Nor should you be so naive as to believe that you and the apple of
your eye are practicing the age-old dance of the pursuer and the
pursued. The reasons are again twofold. On the one hand, to truly
dance such a dance, the parties must alternate roles, yet in this case
you are perennially the pursuer. On the other hand, such frolics take
place in the very beginning of a romance, when passions flare the
highest. A true love must gradually subside into a warm and stable
contentment where each party gives willingly, without expecting and
certainly not grasping at the other's affections in return.
The likeliest explanation here is also the simplest. Namely, this very
nice girl is telling you the truth. That is what people inevitably do
once they have spent as many hours with each other as you two have. It
is too tiresome to maintain false appearances for any appreciable
length of time. So when she says that she has come to recognize her
inability to commit to a lifelong relationship with you, that is a
fact. Perhaps she is not saying it in the bluntest, most clear-cut
manner possible, but this is just her tactful way of putting the
matter to you for fear of causing irreparable hurt. The hurt may have
to come eventually, but it is certainly not irreparable. It only seems
that way for the first few months. Take it from me, I know. I've been
there. A few years hence, you'll look back and find that you've
already forgiven her everything. You'll laugh at yourself for your
foolish insistence that you could somehow, by a tremendous exertion of
willpower, stop time and warp space and bend her personality into
alignment with yours. People can change, indeed, but not that much.
My advice to you, then, is to take a step back. Step away from the
relationship. Step away now. It's difficult, I know, but do it.
Distract yourself with work, study, play.

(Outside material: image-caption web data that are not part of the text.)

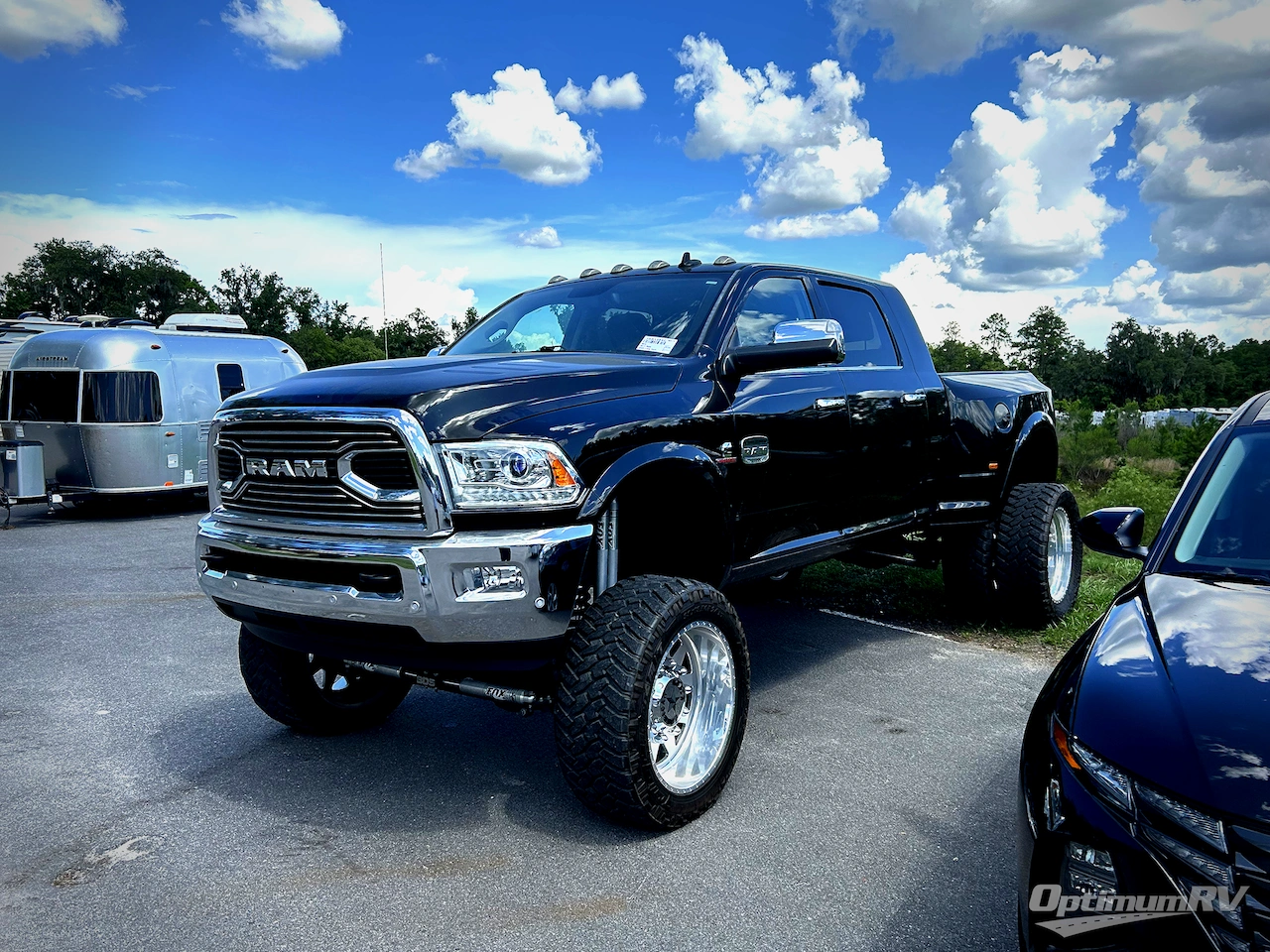 2017 Dodge Ram Long Horn 3500 Photo 2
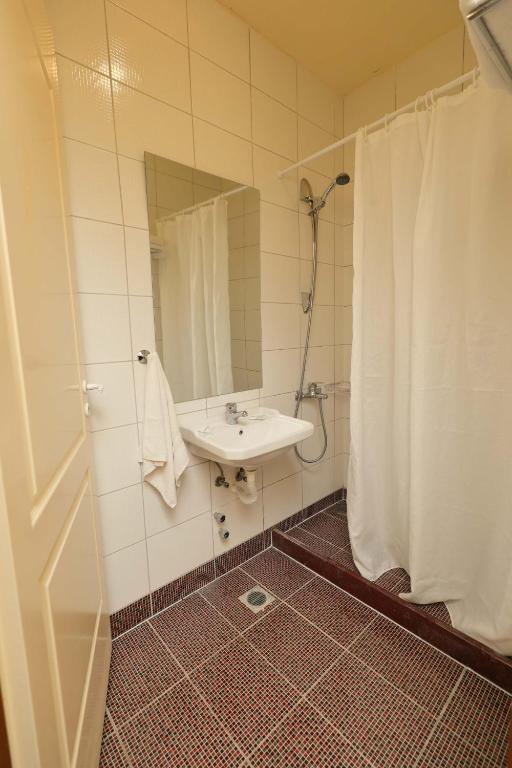 Eri Beach & Village Hotel - 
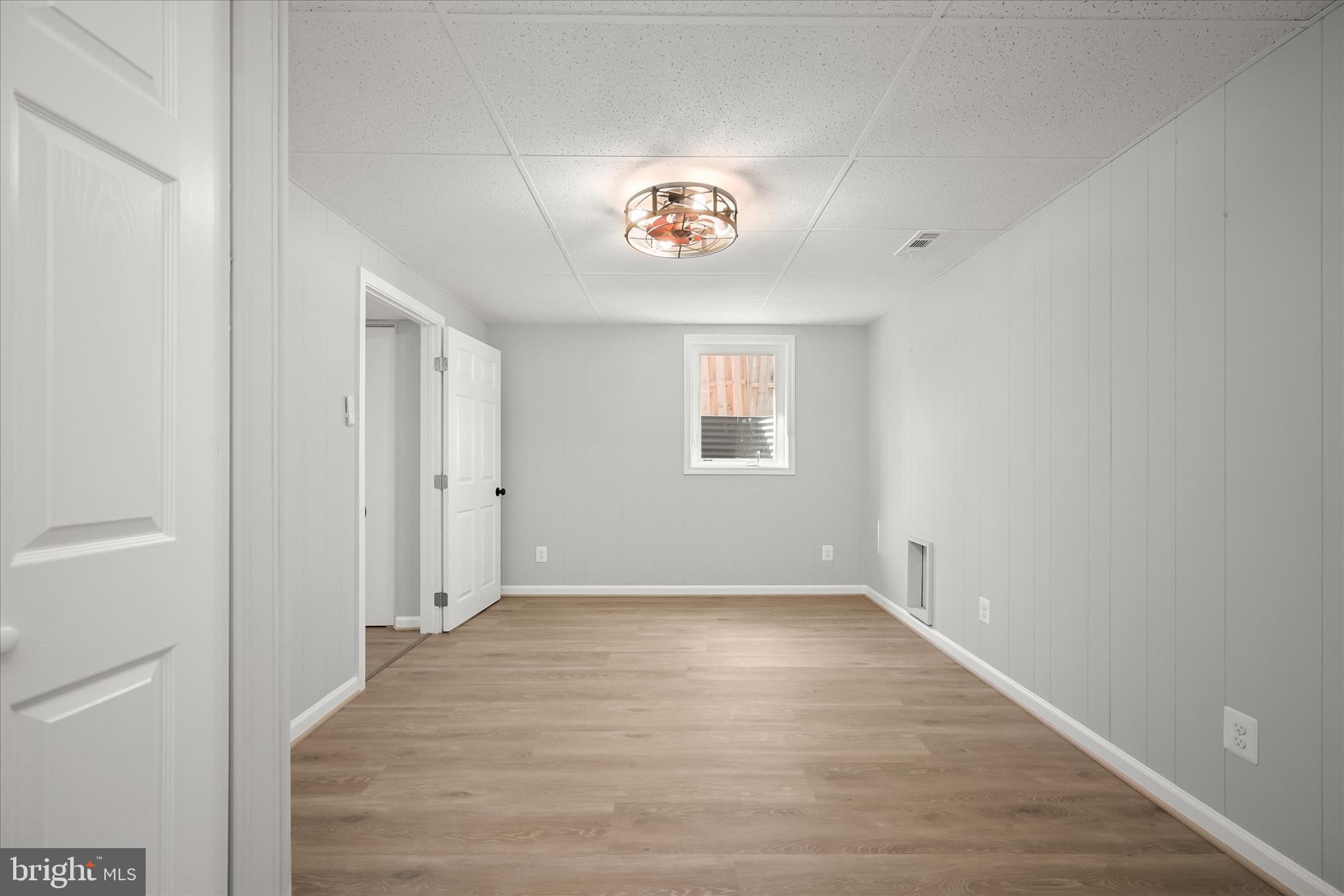 OAKVIEW - Residential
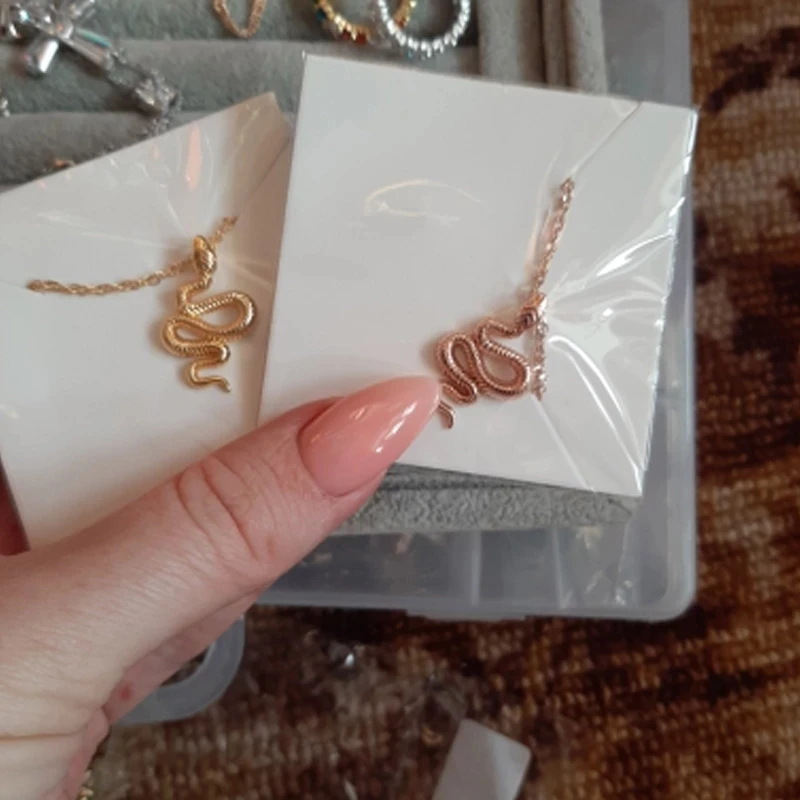 Женское Ожерелье из змеиной кожи цепочка до ключицы золотистого цвета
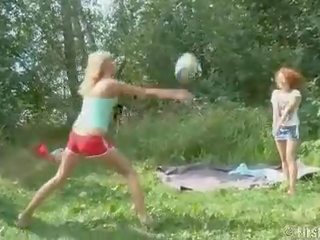 Volleyball volpi dare all'aperto trio pompino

Don't think that you are
playing a game. The games are long over. Now is the time to disengage,
to find something else to worry about. And trust me, there are plenty
of other worthwhile worries. As for this rocky relationship and the
pain of separation, of absence, of begrudgingly saying farewell, I can
assure you of one thing. The pain will cease, and in the very end, you
will see that everything has turned out for the best.
Regards,
leapinglizard |
Clarification of Answer by
leapinglizard-ga
on
20 Sep 2004 19:58 PDT
Dear astern,
First of all, thank you for the kind tip. I'm sorry I was unable to
respond to your Clarification Request in a timely fashion.
I believe that she is giving conflicting signals because she, like
you, isn't emotionally prepared to make a clean break with the past,
even though she has made a rational decision to end the dating
relationship. The past has a tenacious grip on the human imagination,
even more so than the future. The past, for all its flaws, can seem a
rounded and familiar thing compared with the bristling uncertainties
of the future. Another explanation for the sentimental phone calls is
that she is attempting, perhaps too awkwardly and ineffectively, to
palliate your suffering. It is regrettable that her charitable
measures, if that is what they are, only intensify it.